Q: During project file generation, Premake prints error that compute API libraries were not found.
A: There are two likely reasons for this. First, you need to make sure that compute SDK provided by your device vendor (e.g., CUDA Toolkit) is installed correctly on your machine. Second, you need to set path to the SDK in your environment variables (e.g., setting path to CUDA Toolkit on Linux: export CUDA_PATH=/path/to/cuda/toolkit). On Windows, the path to SDK is usually set automatically during SDK installation.

Q: I'm getting compilation errors during KTT build.
A: List of compatible compilers can be found in readme on main KTT Github page. If you are unable to build KTT with compatible compiler (generally any compiler which supports C++17), you can report a bug here.

Using KTT

Q: I've ported my native OpenCL / CUDA application to KTT but it crashes at runtime.
A: KTT checks for correct usage of the API during runtime. If it detects a problem, an exception is thrown. In most cases, the exception also contains an error message which describes the problem. If the exception message is not helpful and you believe that you are using the API correctly, you can report a bug here.

Q: I have an application which performs some part of the computation directly in C/C++ code and utilizes iterative kernel launches. Can such application be ported to KTT?
A: Yes, in this case you need to utilize kernel launcher and compute interface API, which is fully documented. You can also read some of the examples which already utilize kernel launchers (e.g., Reduction, CoulombSum3dIterative).

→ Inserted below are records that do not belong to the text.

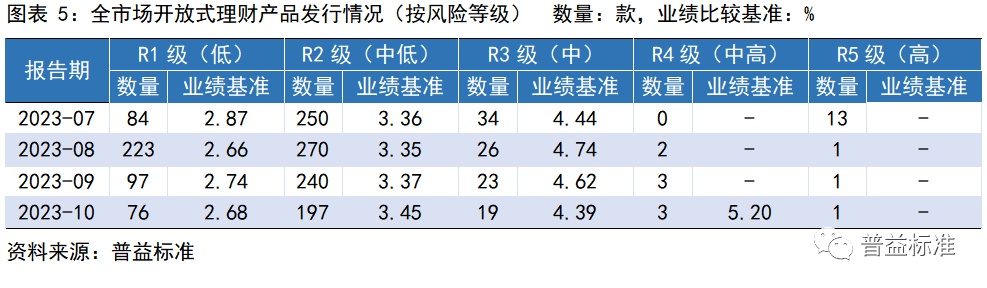 开放式理财公司，金融创新与全球视野下的新篇章 开放式理财公司的名称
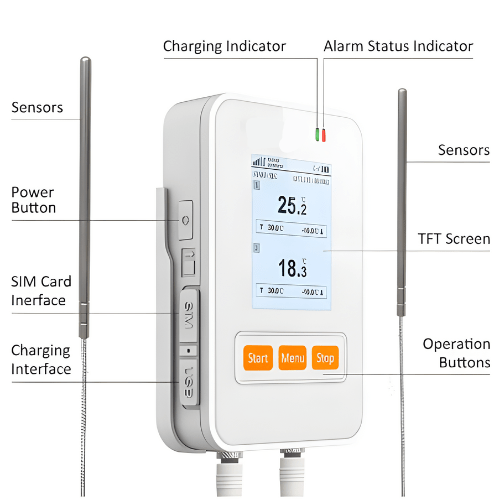 ETEDLH-108-4.png Enviro Testers Data Logger Recorder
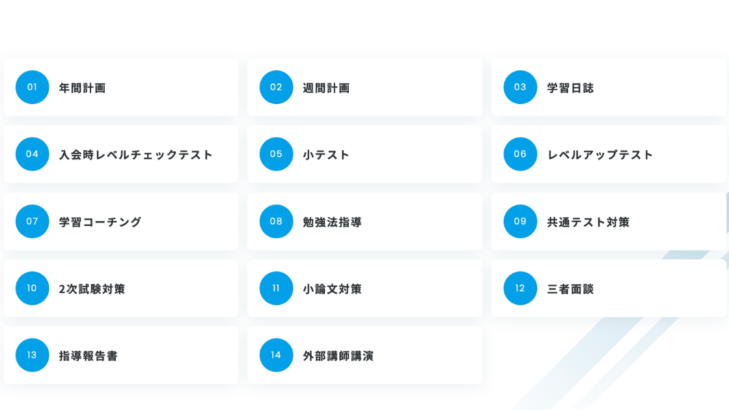 現論会の月額料金に含まれる14のサービス一覧。年間計画・週間計画・学習日誌・各種テスト・学習コーチング・勉強法指導・共通テスト対策・2次試験対策・小論文対策・三者面談・指導報告書・外部講師講演まで全て網羅
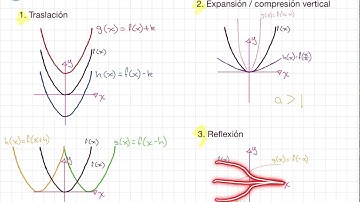 Transformación de funciones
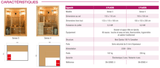 Sauna interior tradicional SENSE 3 – 3,5 kW – 3 lugares
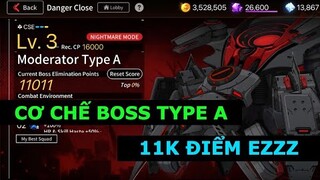 [COUNTER: SIDE] Danger Close Boss Type A: Cơ chế + đội hình 11k điểm ezzzz =)))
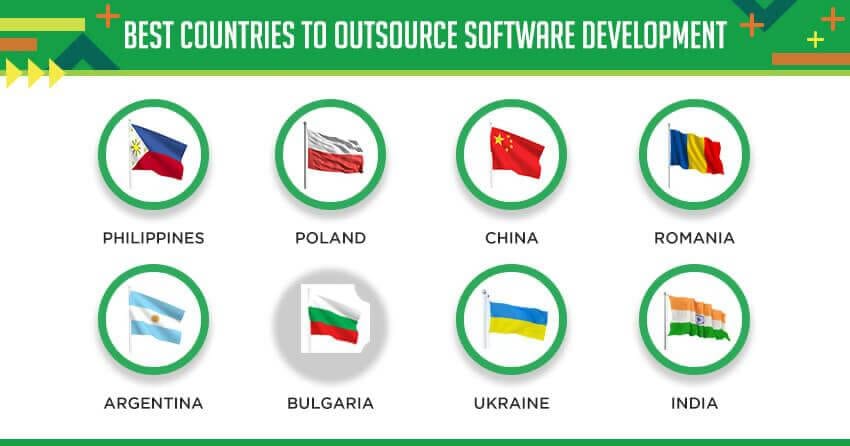 Top Countries For Offshore Software Development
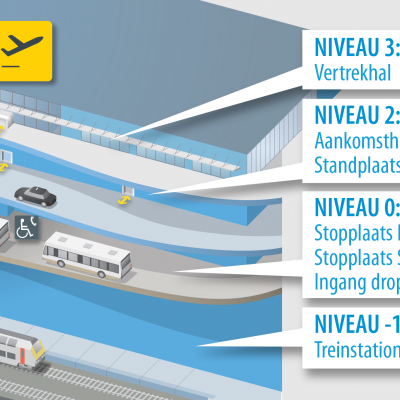 Openbaar vervoer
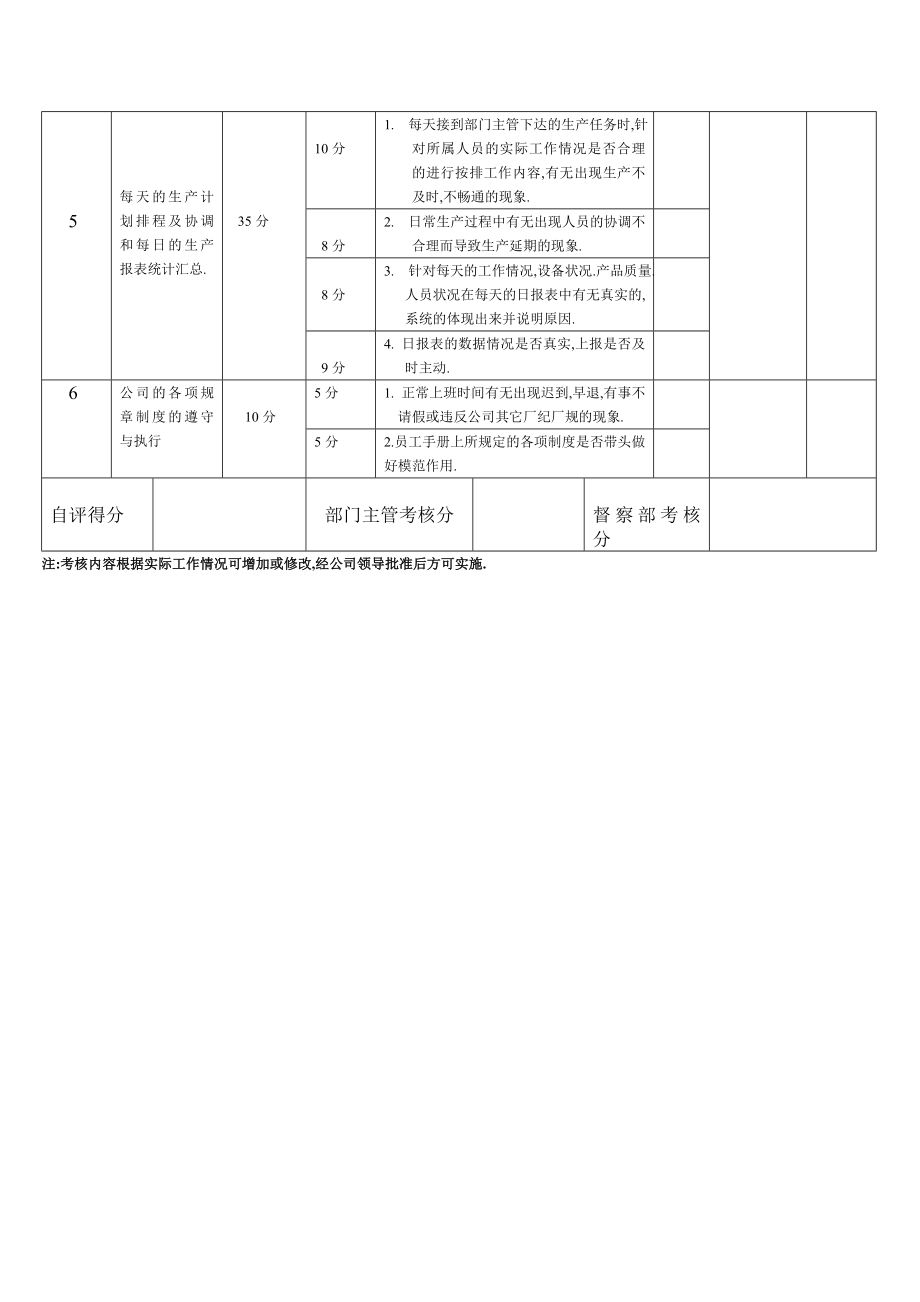 所有班组长绩效考核表.doc_第2页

Q: Running my application with KTT uses much more memory than running it natively.
A: KTT by default makes a copy of all buffers that are added to tuner with AddArgumentVector() method. This makes it safe for user to modify the original buffer without affecting the tuner. However, it also increases the memory usage. If you are fine with tuner accessing your buffer directly, you can use overloaded version of AddArgumentVector() method, which allows you to customize handling of buffers by tuner. You may also want to read KTT buffer types diagram located here. in order to find out differences between various buffer configuration options.